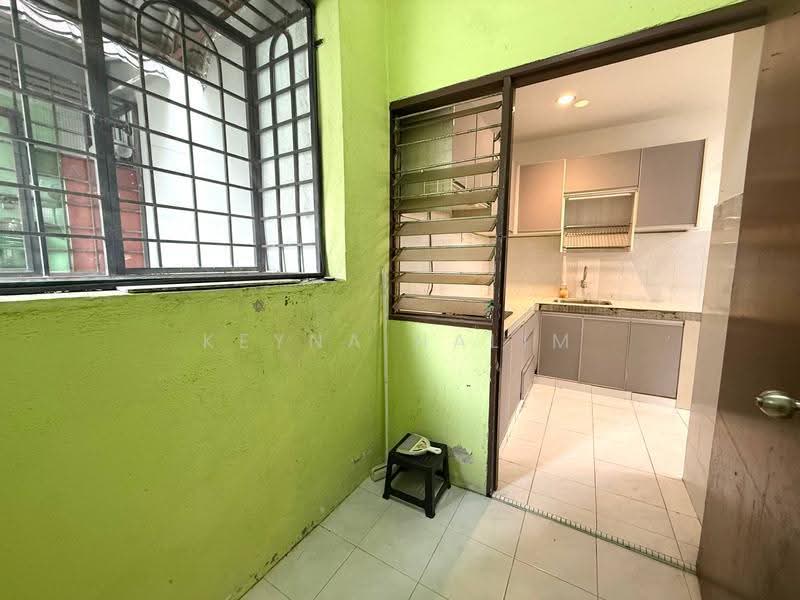 Apartment for Sale at Pangsapuri Putra Indah - Keyna Halim - Kitchen - PropertyGuru.com.my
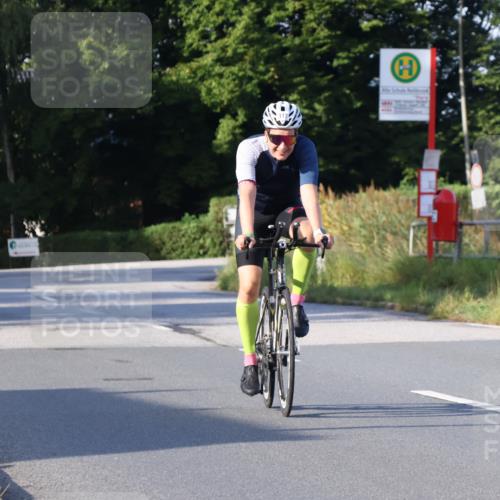 25.08.2024 - Elbe Triathlon Hamburg Fuchs,  Jonas http://msf.ph/oto/6867514 25.08.2024 09:28:52 Radfahren 290, 376, 381, 317, 154 meine-sportfotos.de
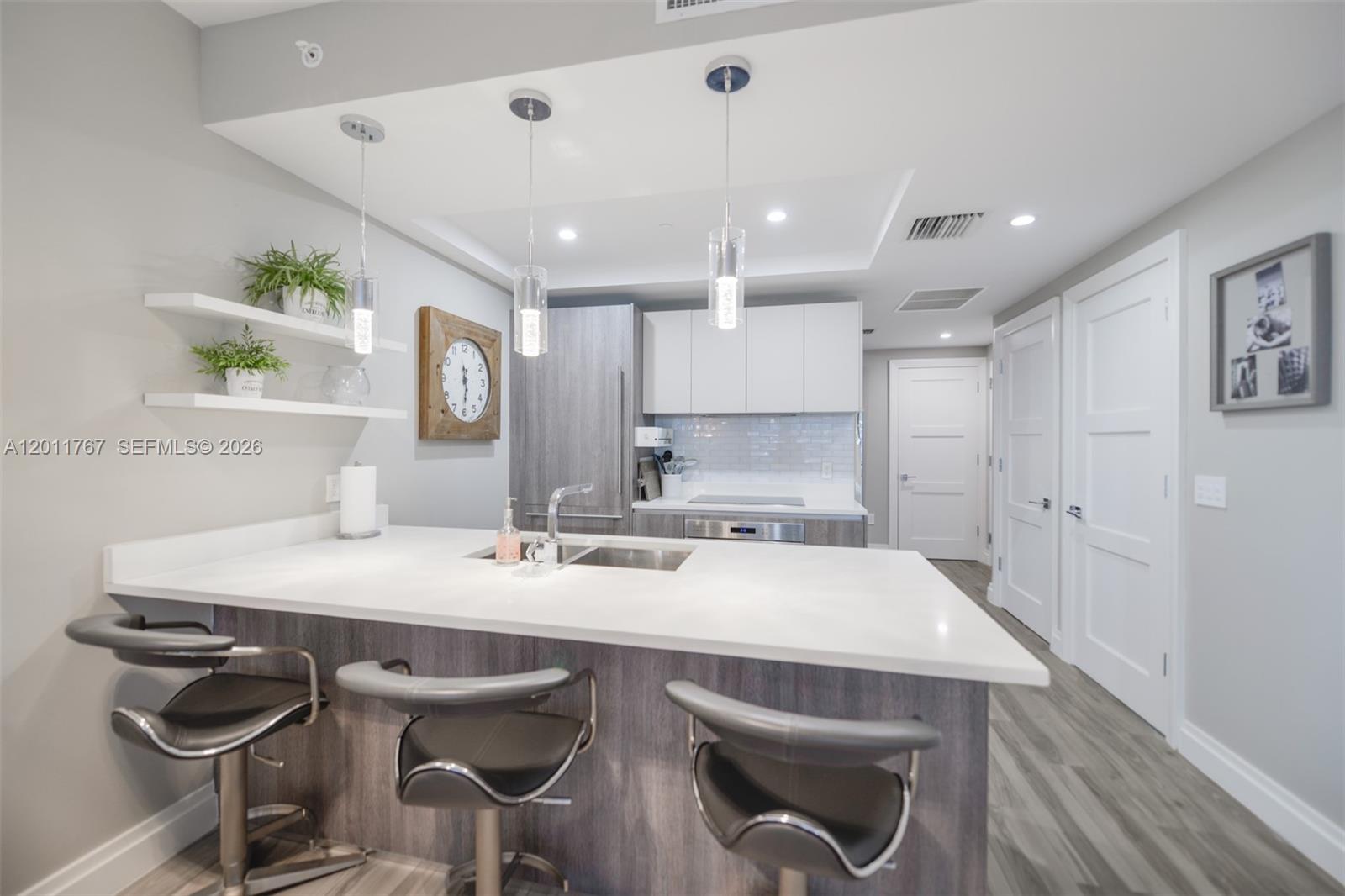 801 SMA RESIDENCES CONDO - Residential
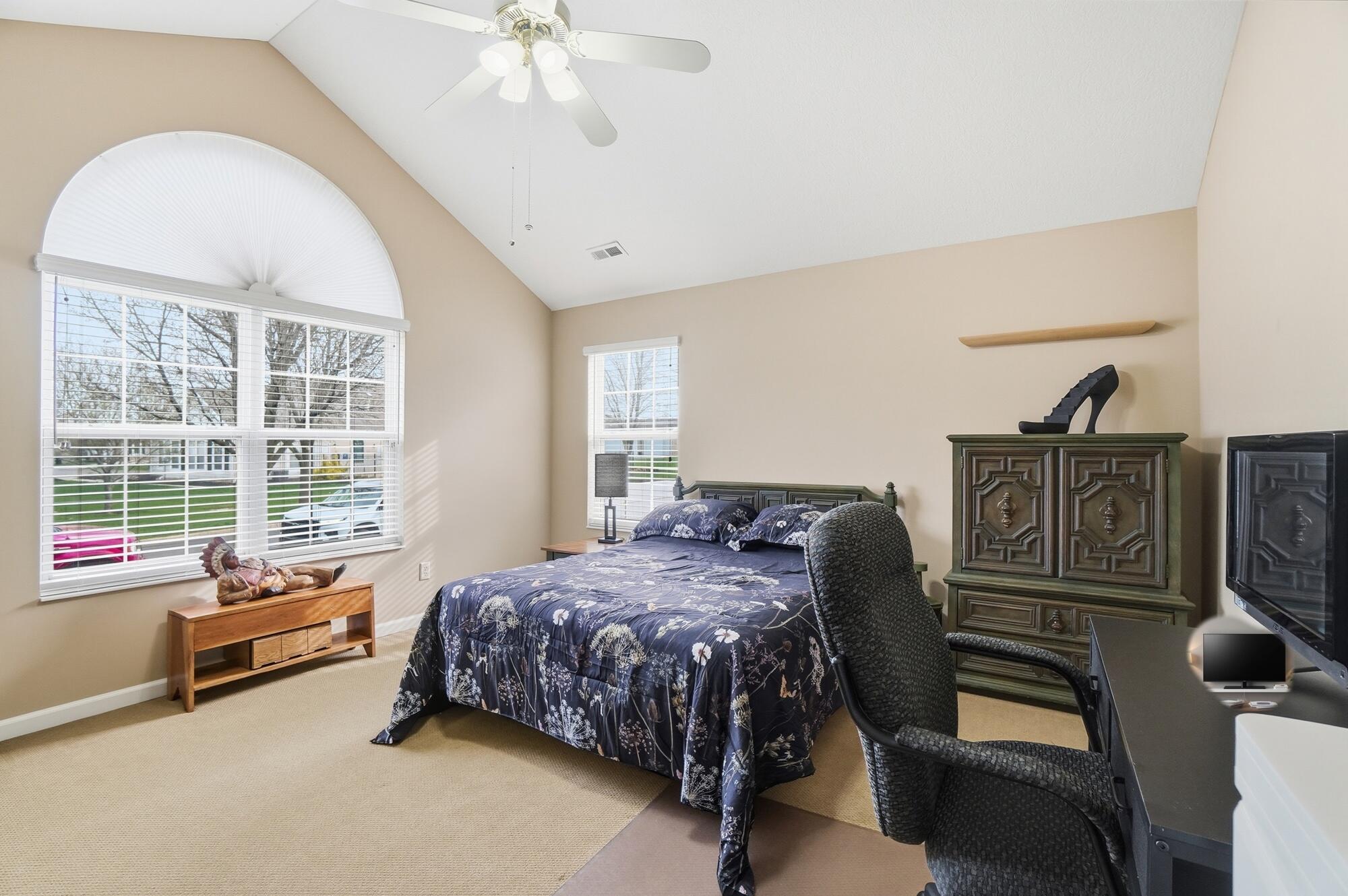 4662 Cobblestone Drive, Tipp City, Ohio 45371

## About this task
Retype the listing above exactly as it appears, omitting the pictures.

## Written response
 Apartment for Sale at Pangsapuri Putra Indah - Keyna Halim - Kitchen - PropertyGuru.com.my
 25.08.2024 - Elbe Triathlon Hamburg Fuchs,  Jonas http://msf.ph/oto/6867514 25.08.2024 09:28:52 Radfahren 290, 376, 381, 317, 154 meine-sportfotos.de
 801 SMA RESIDENCES CONDO - Residential
 4662 Cobblestone Drive, Tipp City, Ohio 45371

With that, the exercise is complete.